## What is being asked
Nothing should appear in the answer except the lines below from the line containing "structure, CAS 2742039-21-8" through the line containing "Vintage Blue-Purple/Clear Teardrop", copied exactly, with pictures left out.

## Data for processing
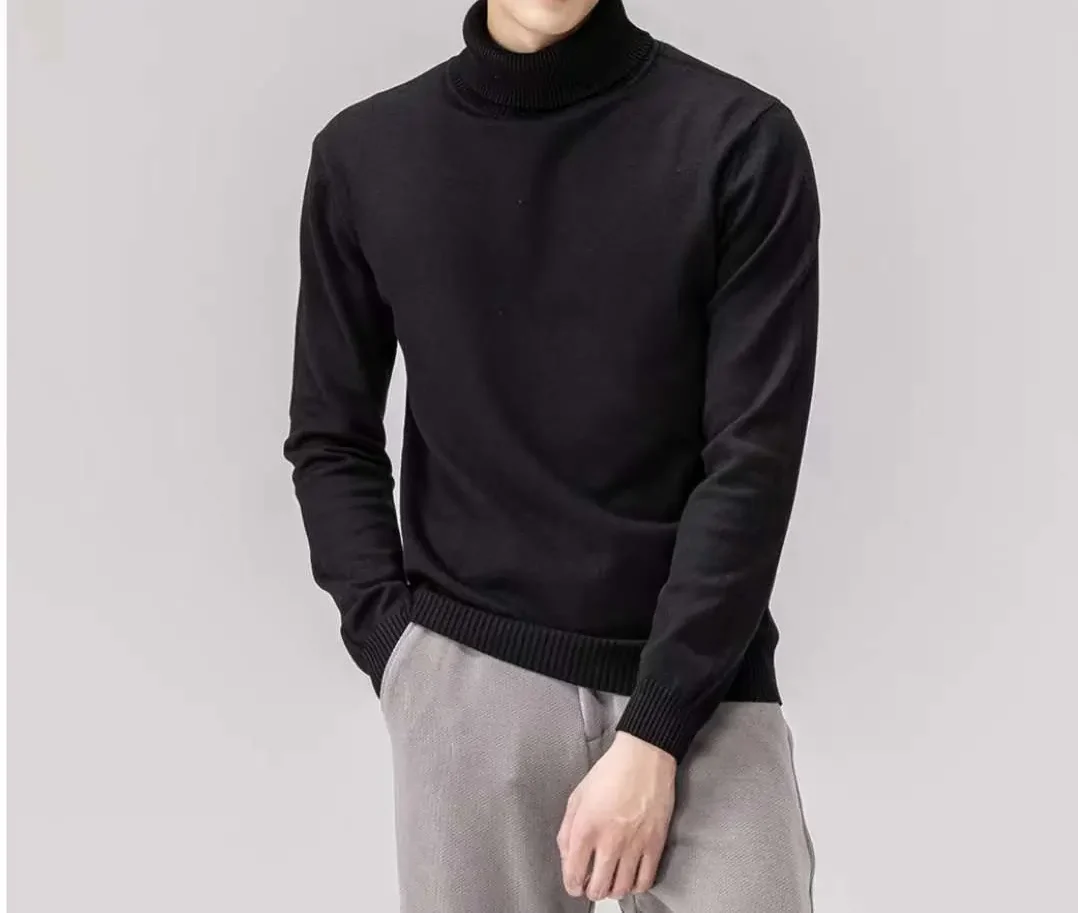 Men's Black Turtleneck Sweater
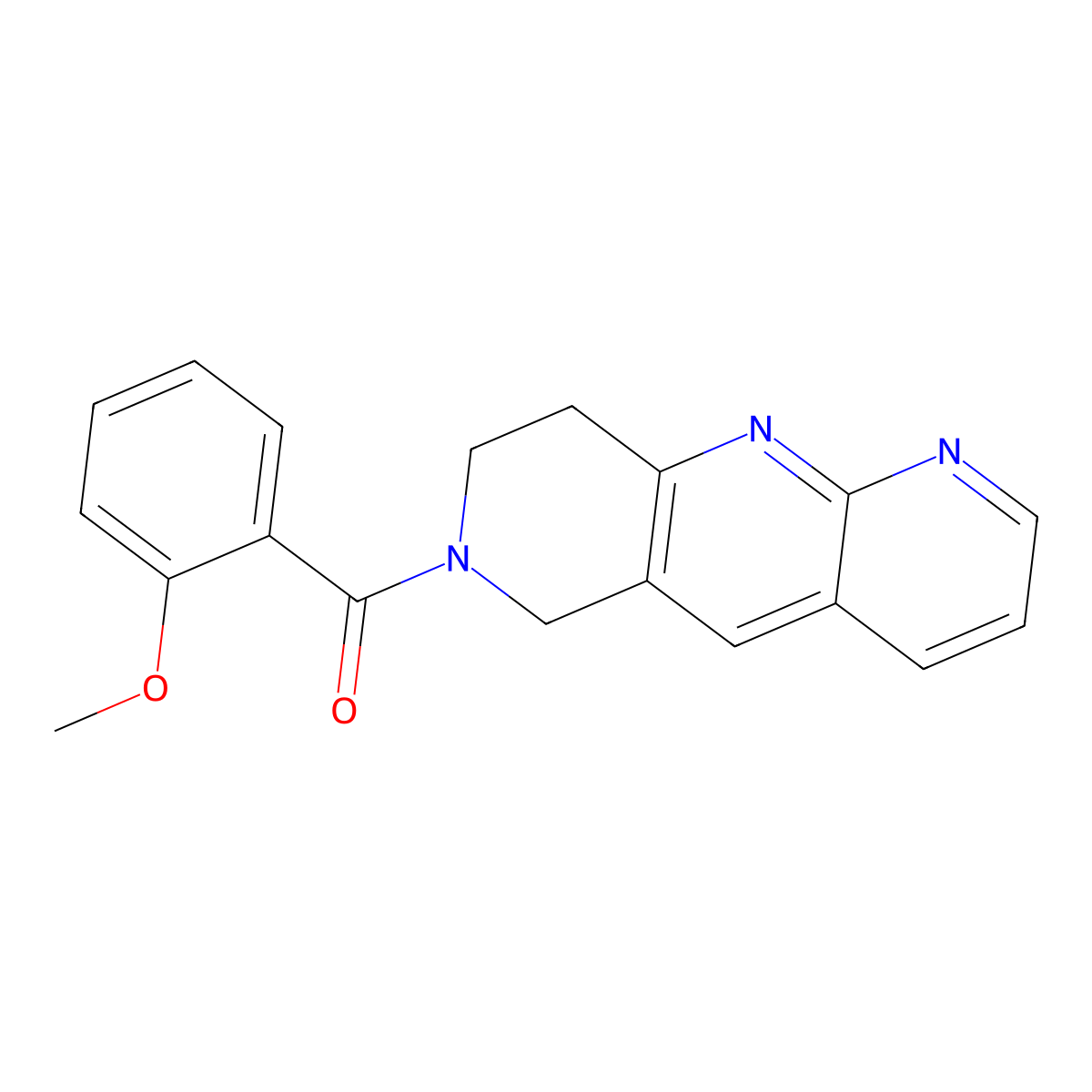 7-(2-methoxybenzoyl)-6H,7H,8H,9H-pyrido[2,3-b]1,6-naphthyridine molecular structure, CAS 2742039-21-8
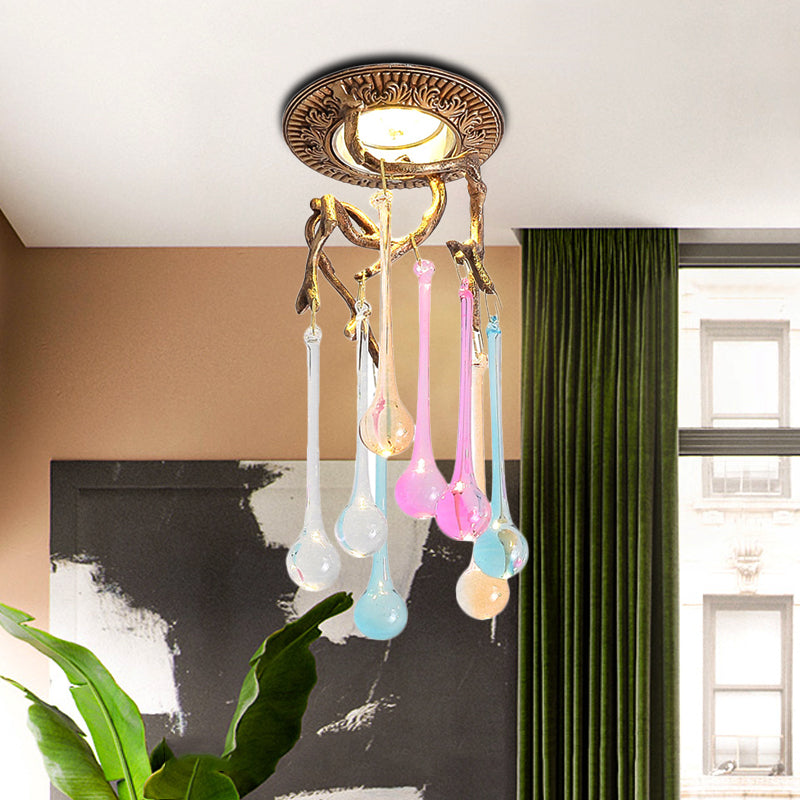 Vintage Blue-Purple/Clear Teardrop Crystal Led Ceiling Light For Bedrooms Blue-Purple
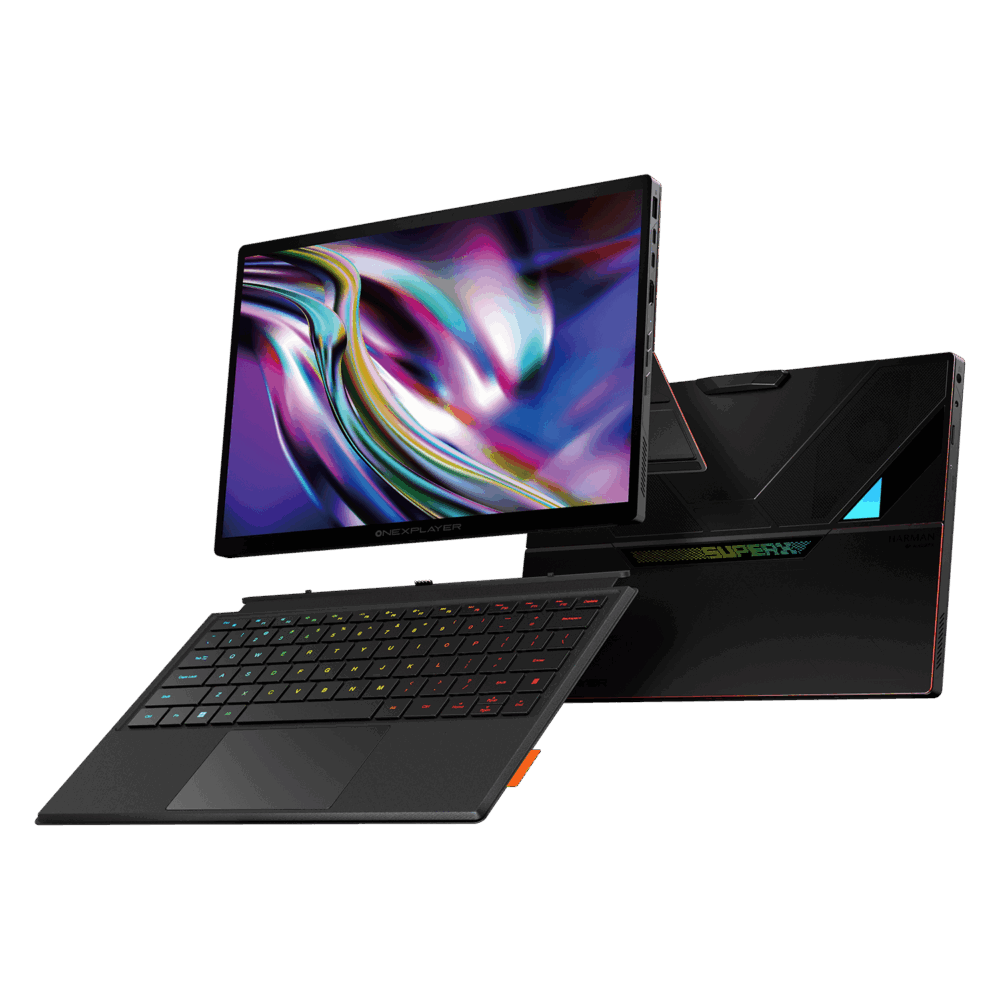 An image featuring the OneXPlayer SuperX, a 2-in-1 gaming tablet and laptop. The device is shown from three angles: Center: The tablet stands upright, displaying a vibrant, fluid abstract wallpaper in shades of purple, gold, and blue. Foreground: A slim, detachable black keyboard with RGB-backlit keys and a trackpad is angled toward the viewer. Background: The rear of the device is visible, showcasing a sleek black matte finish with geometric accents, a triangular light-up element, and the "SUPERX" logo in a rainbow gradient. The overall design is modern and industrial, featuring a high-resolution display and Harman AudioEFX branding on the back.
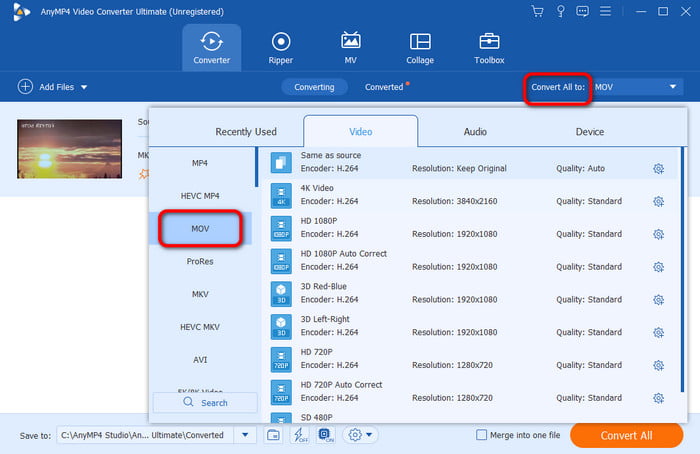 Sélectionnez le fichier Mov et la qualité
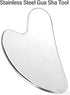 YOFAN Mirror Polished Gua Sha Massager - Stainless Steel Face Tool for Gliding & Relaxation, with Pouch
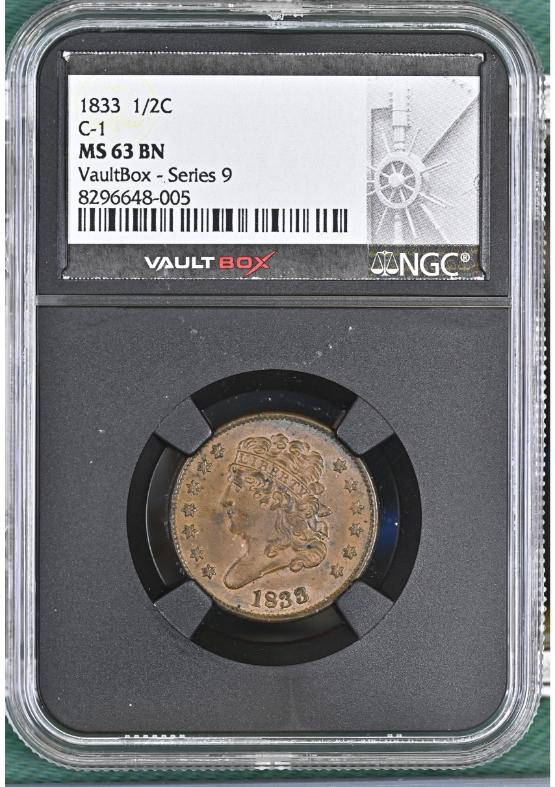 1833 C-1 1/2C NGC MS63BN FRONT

## Task response
 7-(2-methoxybenzoyl)-6H,7H,8H,9H-pyrido[2,3-b]1,6-naphthyridine molecular structure, CAS 2742039-21-8
 Vintage Blue-Purple/Clear Teardrop Crystal Led Ceiling Light For Bedrooms Blue-Purple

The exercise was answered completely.